NAIC DRAWS LINE IN CFPB SAND BOX

January 9, 2017 by Michael Wolgin

The National Association of Insurance Commissioners has taken a firm stance on the Consumer Financial Protection Bureau’s proposed ban of “mandatory arbitration” clauses that make financial product consumers waive their right to join class actions.

Because consumer loans are generally financial products within the CFPB’s purview, the CFPB stated that the proposed ban would extend to arbitration clauses used for whole life insurance policy loans, if (a) the insurance company is a “creditor” under the Equal Credit Opportunity Act (ECOA) and (b) the activity is not the “business of insurance” under the Dodd –Frank Act. In a comment letter, however, the NAIC has urged the agency to remove altogether policy loan features from the scope of the rule.

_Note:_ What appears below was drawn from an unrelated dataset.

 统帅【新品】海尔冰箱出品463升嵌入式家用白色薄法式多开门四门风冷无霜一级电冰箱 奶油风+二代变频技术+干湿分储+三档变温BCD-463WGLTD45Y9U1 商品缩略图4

In drawing a line between insurance policy loans and consumer finance, the NAIC argued that whole life policy loans do not make insurance companies ECOA “creditors.” Insurers do not extend, renew, or continue credit; nor do they arrange for such transactions. Rather, despite the use of the word “loan,” a policy loan is in substance an advance payment of the policy’s cash surrender value. It more closely resembles a structured temporary conversion from one type of asset into cash, particularly because, if a policyholder does not repay the loan, the insurance company’s recourse is simply to reduce the policy benefits by the outstanding balance of the loan.

Finally, the NAIC pointed to Dodd-Frank Act language stating that the bureau has no authority to alter, amend, or affect the authority of any state insurance regulator. Because states regulate the issuance of insurance policy loans and none of the CFPB’s enumerated statutes—like the Truth in Lending Act or Real Estate Settlement Procedures Act—expressly incorporates policy loans into their purview, the NAIC concluded that the CFPB’s purported encroachment into this territory is “beyond the appropriate jurisdiction of the bureau.”

For more analysis of this CFPB rule proposal, and how state insurance law is not the only area of regulation as to which it is engendering line-drawing controversies, see “CFPB Grabs for SEC/CFTC Turf.”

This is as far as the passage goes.